During the autopsy, a plastic bag was found obstructing Zamor’s larynx and a piece of suspected crack cocaine was found in his trachea. The plastic bag and suspected cocaine later tested positive. Toxicology tests revealed cocaine and a cocaine metabolite in Zamor’s blood and urine, as well as THC. There was no evidence of recent significant injuries on Zamor’s body. The Medical Examiner’s Office concluded that Zamor’s death was caused by cocaine intoxication and listed the airway obstruction as a contributory factor. The manner of death was ruled accidental.
After considering the facts, evidence and testimony from the investigation by the Attorney General’s Shooting Response Team, the state grand jury declined to return an indictment.

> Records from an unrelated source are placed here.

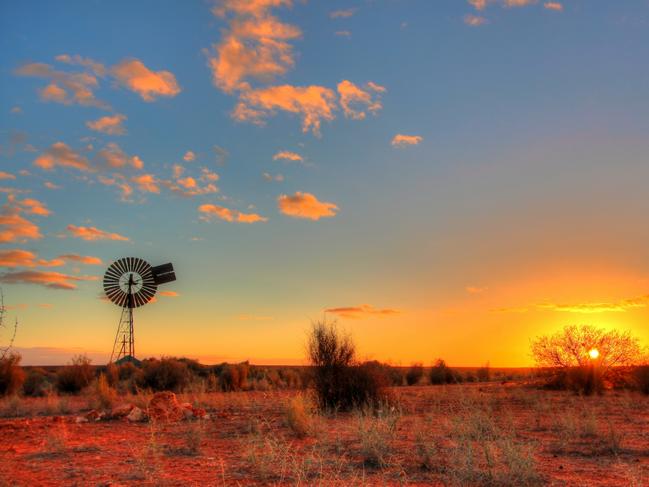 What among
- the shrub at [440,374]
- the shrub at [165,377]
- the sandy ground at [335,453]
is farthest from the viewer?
the shrub at [440,374]

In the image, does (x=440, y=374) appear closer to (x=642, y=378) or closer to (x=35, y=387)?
(x=642, y=378)

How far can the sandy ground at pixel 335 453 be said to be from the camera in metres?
7.89

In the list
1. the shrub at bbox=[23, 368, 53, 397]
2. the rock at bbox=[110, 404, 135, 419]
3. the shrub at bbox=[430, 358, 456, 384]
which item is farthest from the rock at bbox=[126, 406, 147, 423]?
the shrub at bbox=[430, 358, 456, 384]

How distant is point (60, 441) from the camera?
10812 millimetres

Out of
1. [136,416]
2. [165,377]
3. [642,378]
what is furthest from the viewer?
[165,377]

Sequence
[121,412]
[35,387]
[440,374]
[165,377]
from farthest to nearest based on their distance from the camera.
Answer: [440,374]
[35,387]
[165,377]
[121,412]

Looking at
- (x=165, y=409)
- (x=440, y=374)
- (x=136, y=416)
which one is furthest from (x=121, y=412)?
(x=440, y=374)

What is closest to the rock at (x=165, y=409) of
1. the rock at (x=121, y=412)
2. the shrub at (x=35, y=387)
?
the rock at (x=121, y=412)

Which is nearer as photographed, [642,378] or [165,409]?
[165,409]

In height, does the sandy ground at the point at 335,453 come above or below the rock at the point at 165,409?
below

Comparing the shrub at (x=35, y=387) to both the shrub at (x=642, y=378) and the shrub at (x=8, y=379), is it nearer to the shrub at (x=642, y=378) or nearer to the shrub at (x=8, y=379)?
the shrub at (x=8, y=379)

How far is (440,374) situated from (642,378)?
13.1m

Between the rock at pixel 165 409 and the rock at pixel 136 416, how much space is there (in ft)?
1.06

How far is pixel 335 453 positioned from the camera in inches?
382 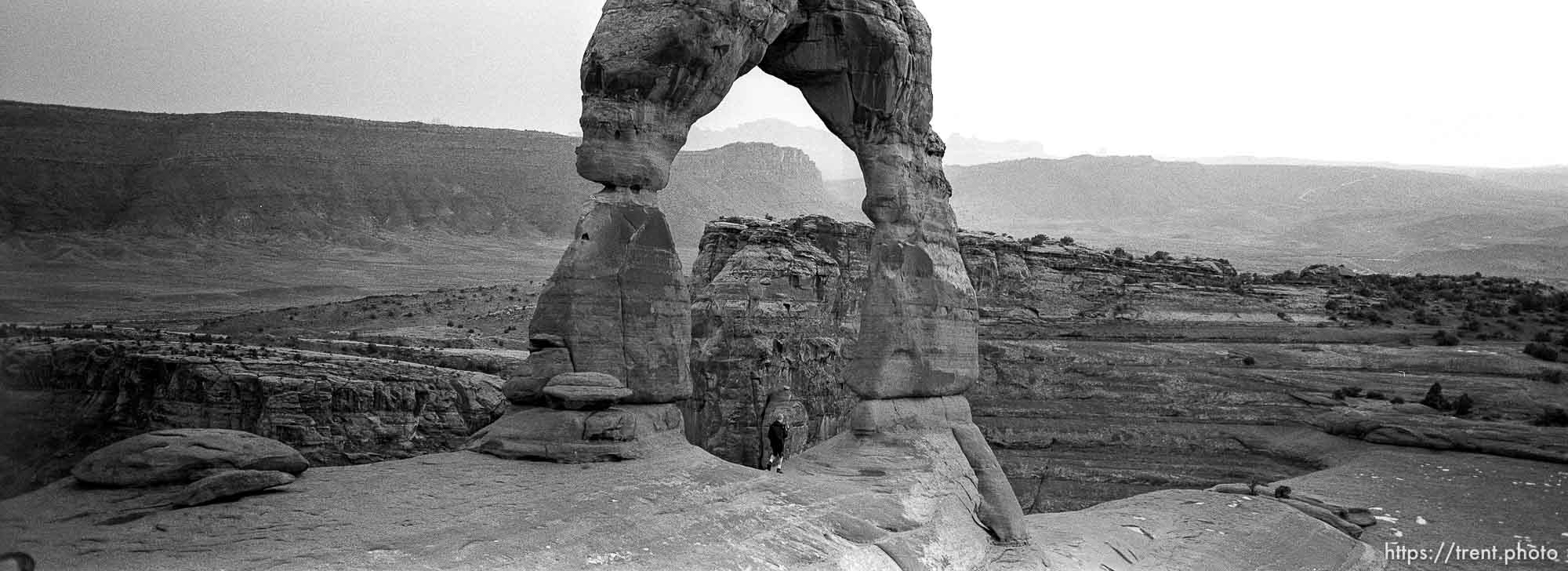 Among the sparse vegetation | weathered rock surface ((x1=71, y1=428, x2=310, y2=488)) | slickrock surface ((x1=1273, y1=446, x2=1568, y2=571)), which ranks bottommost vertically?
slickrock surface ((x1=1273, y1=446, x2=1568, y2=571))

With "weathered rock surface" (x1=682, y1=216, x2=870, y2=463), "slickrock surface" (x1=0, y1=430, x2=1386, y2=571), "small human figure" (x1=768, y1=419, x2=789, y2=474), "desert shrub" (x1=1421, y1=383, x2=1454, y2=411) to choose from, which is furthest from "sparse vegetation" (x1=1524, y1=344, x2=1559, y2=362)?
"small human figure" (x1=768, y1=419, x2=789, y2=474)

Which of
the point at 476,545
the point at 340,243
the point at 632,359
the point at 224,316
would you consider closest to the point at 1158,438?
the point at 632,359

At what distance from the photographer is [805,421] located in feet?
95.0

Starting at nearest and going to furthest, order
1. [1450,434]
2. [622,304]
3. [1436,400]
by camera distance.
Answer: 1. [622,304]
2. [1450,434]
3. [1436,400]

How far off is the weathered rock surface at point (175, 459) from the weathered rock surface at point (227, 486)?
0.53 ft

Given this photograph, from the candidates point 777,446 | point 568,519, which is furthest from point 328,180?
point 568,519

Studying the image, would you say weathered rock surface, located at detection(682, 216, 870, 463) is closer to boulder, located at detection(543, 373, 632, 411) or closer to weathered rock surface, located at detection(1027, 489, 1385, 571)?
weathered rock surface, located at detection(1027, 489, 1385, 571)

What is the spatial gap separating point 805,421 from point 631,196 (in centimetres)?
1680

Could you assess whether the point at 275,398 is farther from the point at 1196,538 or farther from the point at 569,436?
the point at 1196,538

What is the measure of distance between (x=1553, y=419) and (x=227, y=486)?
1277 inches

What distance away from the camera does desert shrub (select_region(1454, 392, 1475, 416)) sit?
28.5m

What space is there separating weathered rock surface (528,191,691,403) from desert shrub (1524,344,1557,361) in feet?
106

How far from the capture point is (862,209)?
50.1 feet

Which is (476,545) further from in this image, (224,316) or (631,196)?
(224,316)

Under an Attorney General Directive issued in 2006 and strengthened in 2015, the Attorney General’s Shooting Response Team is dispatched to handle investigations of incidents in which a state- or county-level officer uses deadly force or there is an in-custody death involving such officers. The directive establishes strict procedures for conducting these investigations. The Shooting Response Team is made up of deputy attorneys general and detectives of the Division of Criminal Justice, as well as detectives of the State Police Homicide Unit, all of whom operate independently of their usual chain of command and report directly to the Director of the Division of Criminal Justice or a designee. All portions of the Attorney General’s Directive on Police-Use-of-Force Investigations were complied with in this case.